Web scraping is the process of automatically extracting data from websites using scripts. ChatGPT is able to generate the web scraping script code for you. Let’s see how this works …
IMDb is a website that provides information about movies, TV shows, and other forms of entertainment, including a chart of the top rated movies, The website https://www.imdb.com/chart/top/?ref_=nv_mv_250
displays a list of the top 250 rated movies on IMDb, including their title, cast, director, and IMDb rating:
Let’s say we’d like to use web scraping to extract movie information from this website with Python and it’s web scraping library BeautifulSoup. Maybe ChapGPT is able to help us to write the needed code. Let’s simple ask ChatGPT to perform this task by entering the following request:
Web scrape https://www.imdb.com/chart/top/?ref_=nv_mv_250 with Python and BeautifulSoup
ChatGPT is then responding with the specific implementation steps and the corresponding source code in Python like you can see in the following screenshot:
Ok, that is already a great result and helps us understanding how the source code is performing its task. However, we want to have the implementation in just one file, so that we only need to copy and paste it. Let’s ask ChatGPT again to provide the Python web scraping script in just one file:
Please provide the code in one file.
Great ChatGPT is responding with the full and complete source code right away:
In the following listing you can see the complete Python code which was generated by ChatGPT:
from bs4 import BeautifulSoup
# Retrieve the HTML content of the website
url = 'https://www.imdb.com/chart/top/?ref_=nv_mv_250'
response = requests.get(url)
# Parse the HTML content
soup = BeautifulSoup(response.text, 'html.parser')
# Find all movie elements
movies = soup.find_all('td', class_='titleColumn')
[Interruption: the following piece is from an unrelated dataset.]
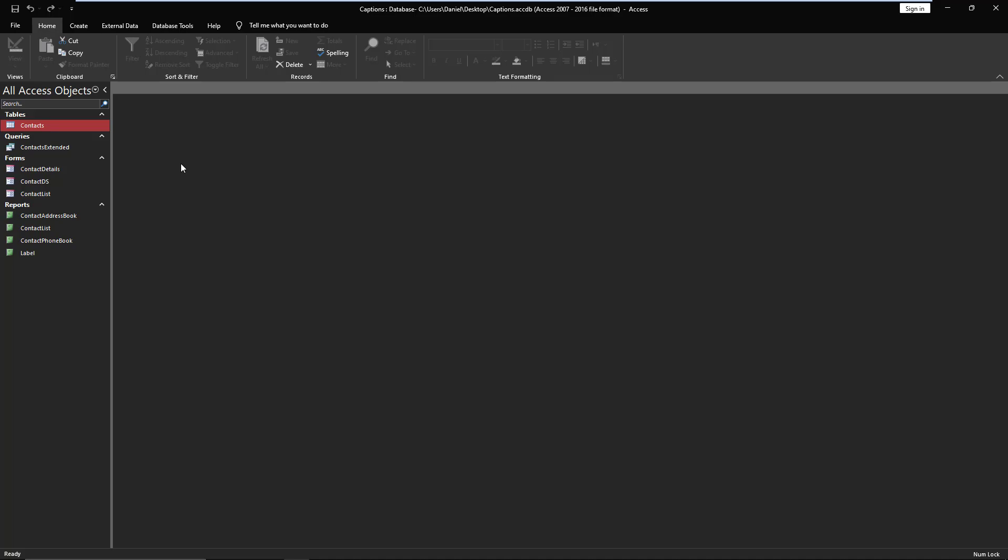They wanted to rename the field, and oh, no big deal. I'll just go into the query, alias that field, and I'm off to the races. Everything's glorious, nothing could be simpler, except it doesn't work when you have a caption on the field.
# Extract the desired information
data = []
for movie in movies:
title = movie.find('a').text
year = movie.find('span', class_='secondaryInfo').text
data.append({'title': title, 'year': year})
# Create a dataframe and save it to a csv
df = pd.DataFrame(data)
df.to_csv('imdb_top_movies.csv', index=False)
Let’s try out if the code is working as expected. Therefore we first need to create a new file:
$ mkdir chatgpt-web-scrape
$ cd chatgpt-web-scrape
$ touch webscrape.py
And then we can copy and paste the code into webscrape.py:
Let’s start the python script by entering the following command on the command line:
$ python webscrape.py
The script is running and after a few secods you can notice that a new file imdb_top_movies.cvs has been created and is containing the extracted movie information in CSV format.
ChatGPT has generated a web scraping script which is working out of the box. No need to adapt the code manually. That’s a great result.
In our original request to ChatGPT we have not specified which movie information should be extracted from the website. ChatGPT decided to extract the movie name and the year of publication. Let’s say we’d like to also include the rating. Type in the following into ChatGPT:
Also retrieve the IMDb rating for each film
ChatGPT provides you with detailed instructions and code snippets for changing the existing code to also include and extract the rating information:
We can now ask ChatGPT again to incorporate this changes into the script:
Please give me the full code in one with, with the try-except block
This is then generating the complete Python script again, including the changes for extracting the addtional information from the website:
Conclusion
The example of this tutorial showed that ChatGPT is a great help when generating script for web scraping. In fact, we were able to just input our simple requirements into ChatGPT and as a result we received a Python script which is able to perform the task without the need of any adaptions. That is making web scraping a lot easier and gets you started in no time.